Wszystko kursy
Bet-at-home
Narkun+Gamrot+Kowalkiewicz+Azaitar
1,98
Thompson
2,20
Falcao
4,20
Saidov+Azaitar
1,69
Held+Shlemenko+Rampage+Chandler
1,79
Held+Shlemenko+Rampage+Chandler+Gamrot+Narkun+Kowalkiewicz
2,84
Czwórka z Bellatora powinna spokojnie wygrać, King Mo miał być gwiazdą Bellatora a zawodzi na każdym kroku. Znając Jacksona, wątpię w ustawkę na promowanie gwiazdy, upoluje "elitarnego zapaśnika" który w ostatnich walkach zachowywał się jakby nie miał pojęcia o zapasach.

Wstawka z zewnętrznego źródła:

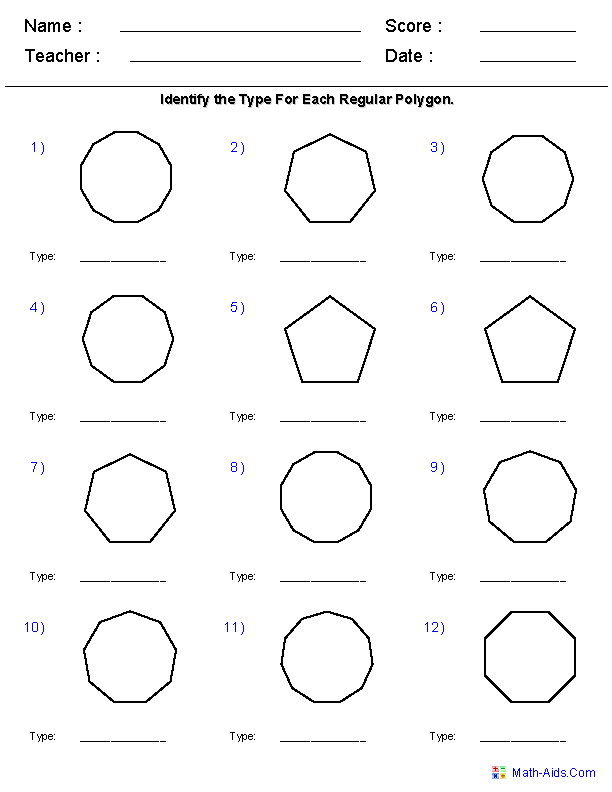 Free printable geometry worksheets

Narkun, Kowalkiewicz, Gamrot wiadomo, faworyci, mimo iż sam pisałem o pobycie w szpitalu Karoliny, z dobrego źródła wiem że jest w 100% przygotowana. A Gamrot to Gamrot, dobre zapasy i parter przeważą w tej walce.
Aslambek, chociaż w typerze stawiałem na Borysa, mam przeczucie że to Aslambek okaże się zwycięzcą. O Strusie pisałem wiele, wybuchowość Azaitara go dzisiaj zdominuje.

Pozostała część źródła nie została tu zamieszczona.